His current approval rating is the lowest of any president since Richard Nixon was forced from office (Nixon’s was at 23 percent; Bush’s is at 25 percent). And 71 percent of the country disapproves of his work in office, the highest that number has reached since Gallup began polling in the 1940s.
The last eight years have featured two of the closest national elections ever, the largest terrorist attack on American soil, two wars involving more than a million U.S. troops, a once-in-a-lifetime natural disaster and a pair of national financial crashes, one of which is ongoing.
And that doesn’t touch upon controversial expansions of power by the executive branch, said Meena Bose, chairwoman of Hofstra University’s Peter S. Kalikow Center for Study of the American Presidency.
She points to moves like his controversial 2002 decision to allow national security officials to listen in on domestic phone calls for signs of terrorism, his ordering terrorism suspects to be tried in military tribunals instead of U.S. civilian courts, and his use of signing statements to challenges aspects of laws passed by Congress.
"I think those moves to strengthen the executive powers may have the longest effect on the country," she said.
But controversy or popularity in the last few months doesn’t always linger, Bose said.
"If you look at Harry Truman, he left office with some of the lowest approval ratings," she said. "Now, he’s considered a well-respected president.
"People look at his Marshall Plan for rebuilding Europe and consider it a momentous achievement, but we had to get to the end of the Cold War to see its results."
Iraq legacy
The current economic crisis, the response to Hurricane Katrina, and moves by the administration to strengthen the power of the White House will also help define Bush’s place in history.
But those are all secondary issues to what will likely be his main legacy, Bose said.
"What we really have to see is what consequences the war in Iraq will have on Middle East politics, and judge from there," she said.
The key, according to Schier, is the public opinion that Iraq was a war that this president decided to enter, unlike those in Afghanistan or Japan that were forced by attacks on America.
"A legacy comes from something a president does," he said. "The financial crisis, that was years in the making and has roots back in the Clinton years.

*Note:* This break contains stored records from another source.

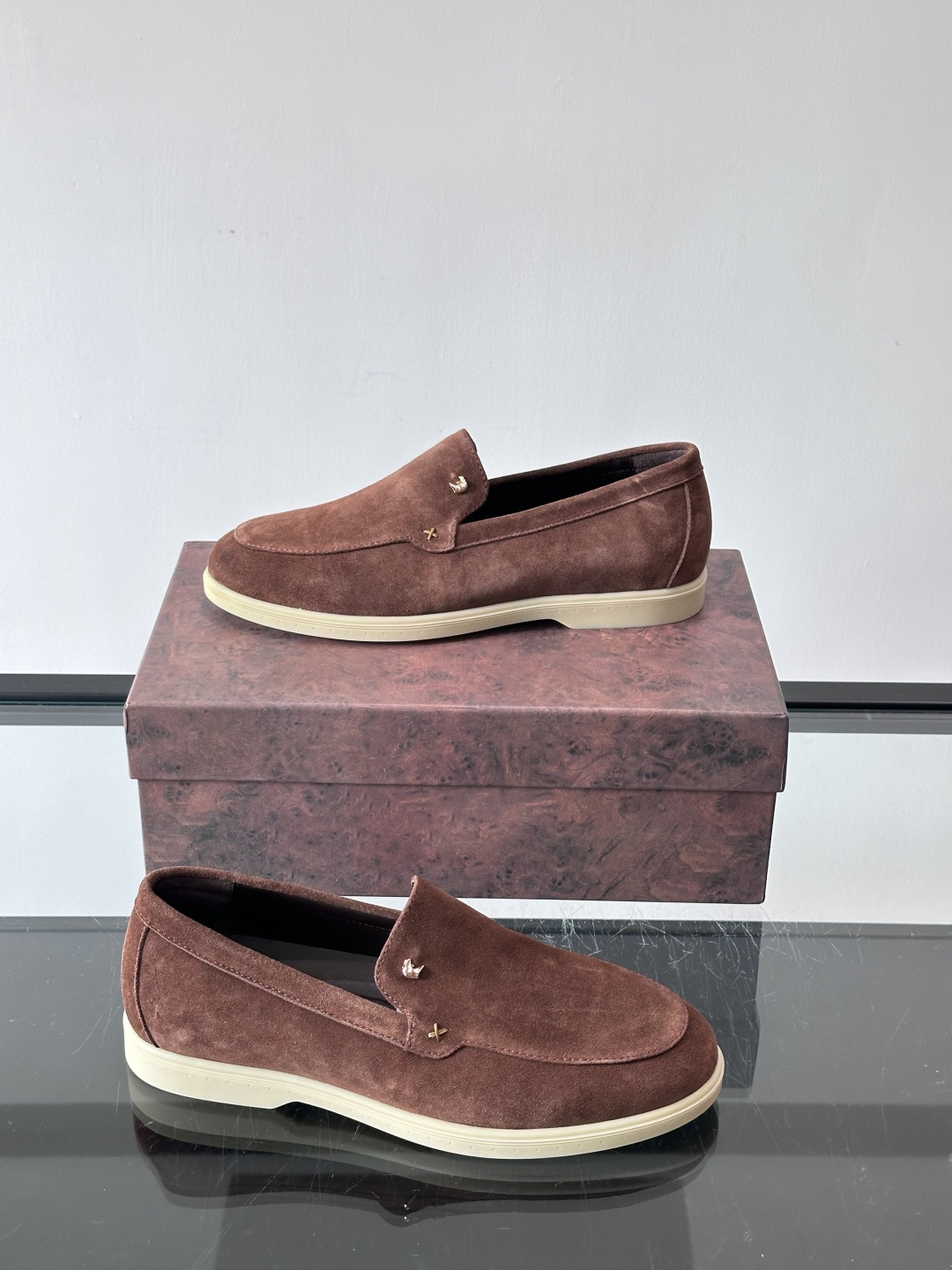 Stefano Ricci男士乐福鞋选用羊猄反绒皮，豆沙色调超温柔，质感细腻又高级。内里软牛皮+天然橡胶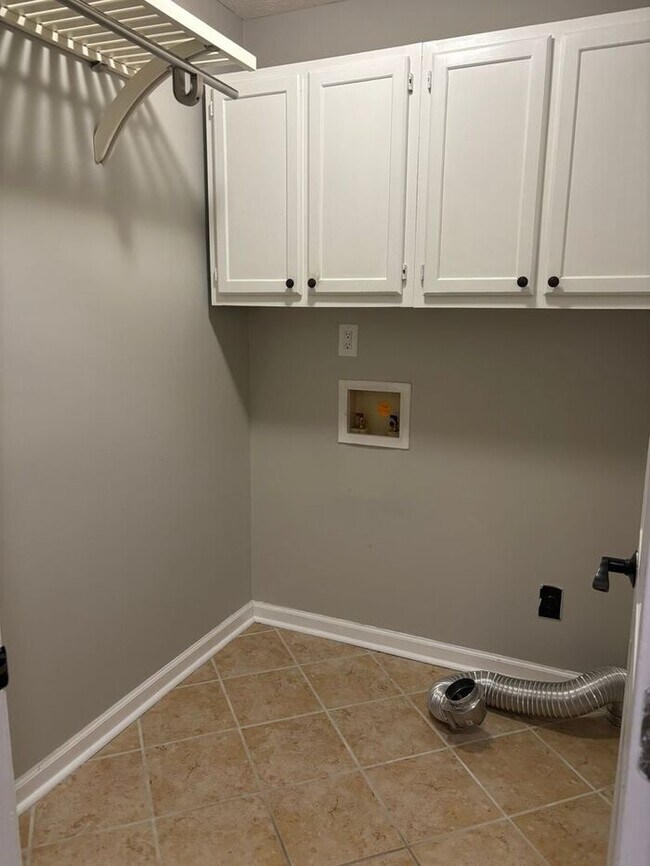 Building Photo - 867 Flintwood Rd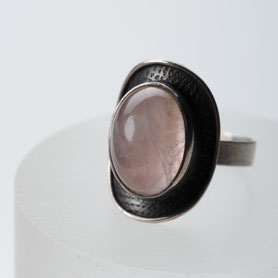 Vintage Ring mit Rosenquarz Cabochon, 925 silber, mishmish Unikatschmuck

But Iraq, that was a Bush decision."
Charles Walcott, political science professor at Virginia Tech and head of the Presidency Research Group, said he has no doubt the Sept. 11, 2001, attacks will be the defining event of the Bush presidency.
"But Iraq more than anything else will define his administration and influence how historians judge him," he said. "But we still don’t know how that, or how Afghanistan, is going to turn out."

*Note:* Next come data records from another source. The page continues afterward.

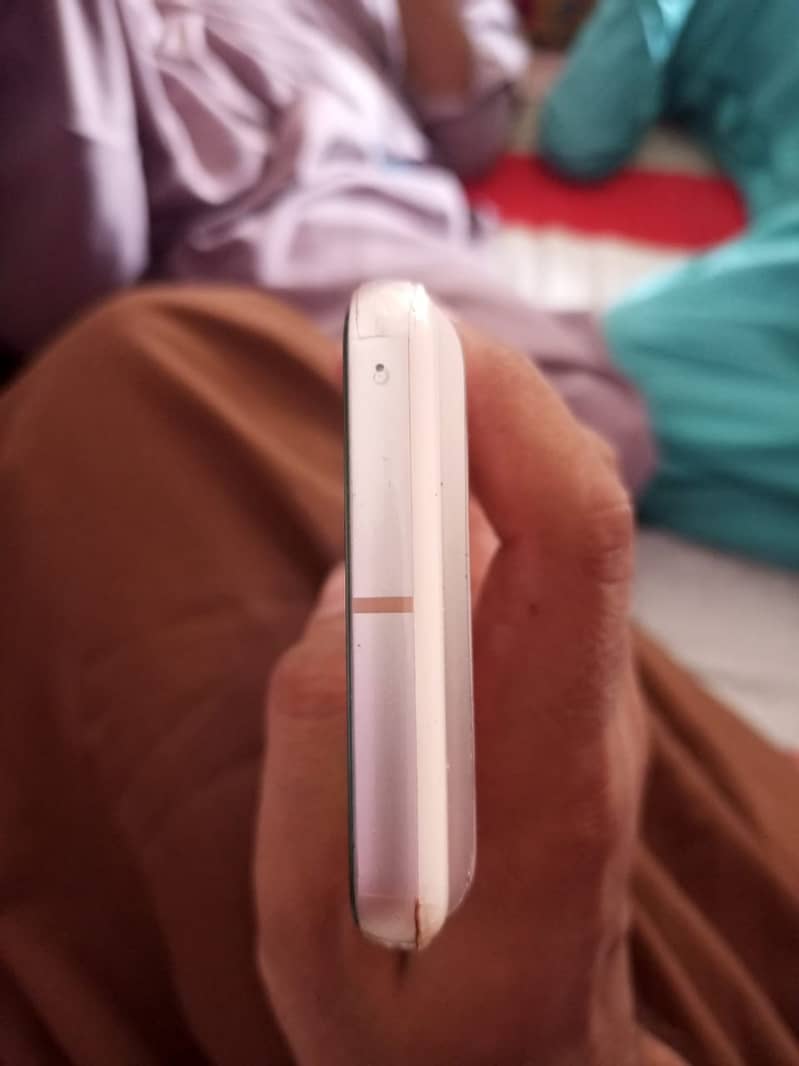 Google Pixel 8 3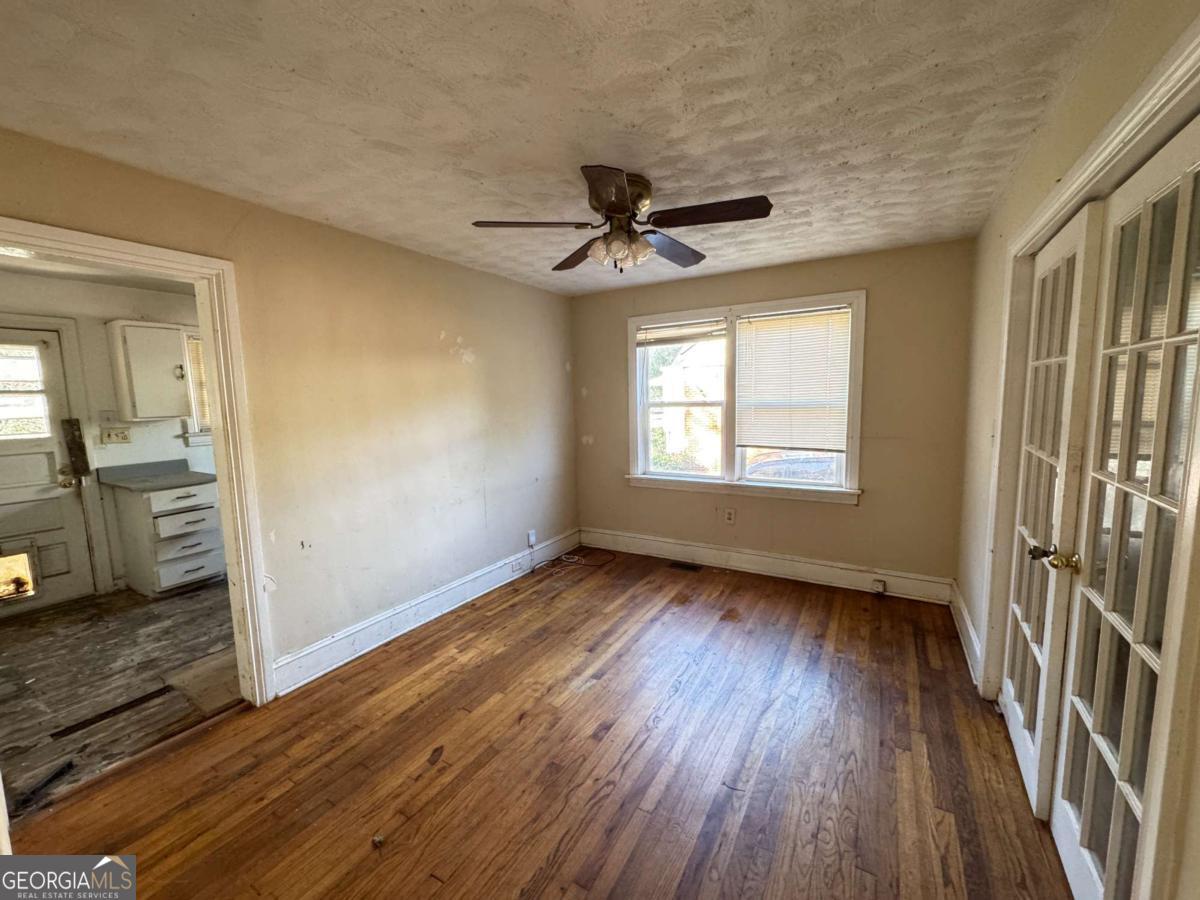2169 Delowe Drive Property Photo 8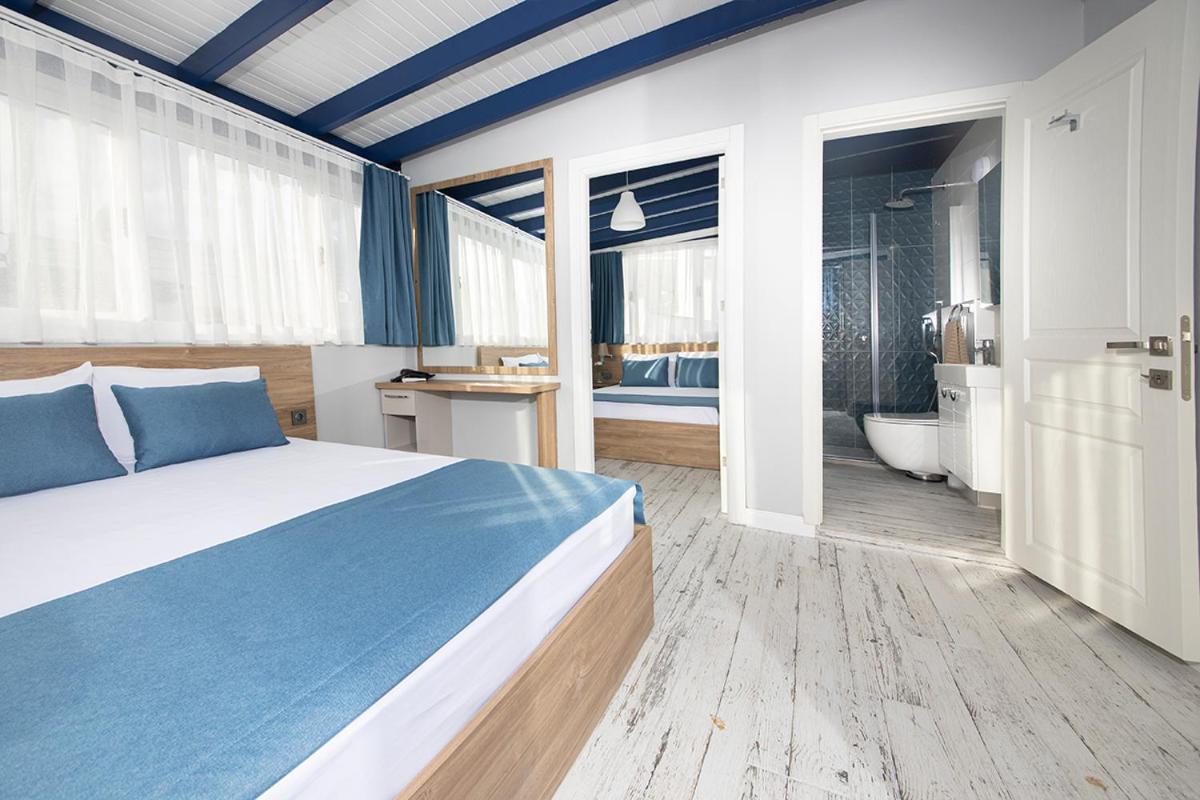 Superior King Room - Photo 1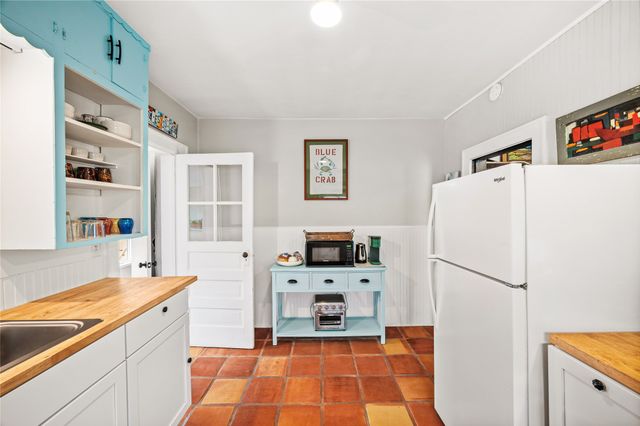 1724 Paseo De Peralta, Santa Fe, NM 87501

For now, Iraq is largely viewed by the public as a questionable military action that has severely compromised the services’ readiness, Walcott said. In five or 10 years, if conditions in Iraq continue to improve, public opinion could, too, both in America and abroad.
A recent survey by the Pew Global Attitudes project found that more than half of survey respondents in France, Spain, Germany, India, Britain, South Africa and Australia believe that U.S. foreign policy will improve simply with Bush’s departure from office.
The same survey found 45 percent of Americans believe the same thing.
Military memory
Schier said he sees a lot of comparisons between how historians will view Bush’s presidency and how they discuss Lyndon Johnson’s today. Both men governed over tumultuous times, directed a foreign war and faced harsh criticism from their contemporaries.
"Both men were attempting to be full-service presidents, dealing with domestic and foreign issues," he said. "Johnson made a lot of good decisions overseas and a lot of not good ones, and people have mixed opinions.
"Bush is a guy who was willing to go in there and mess around with military policy, and we’ll see what the long-term effect of that is. That’s not something a lot of presidents would do."
Walcott said he doesn’t see much Bush can do in his last days as president to have a major impact on his legacy — barring another crisis or scandal — but said the next president could have a major effect on it.
If the next president follows Bush policies on pre-emptive strikes, the use of guardsmen and reservists overseas, and long-term recruiting challenges in the military, it will likely improve how future generations think of Bush’s time in office.
If he ignores or reverses them and finds better, more popular plans, that will hurt Bush.
"If they decide the military we have now is the one we need in the future, it could affect the future opinion [of Bush]," he said. "There’s an awful lot yet left to happen."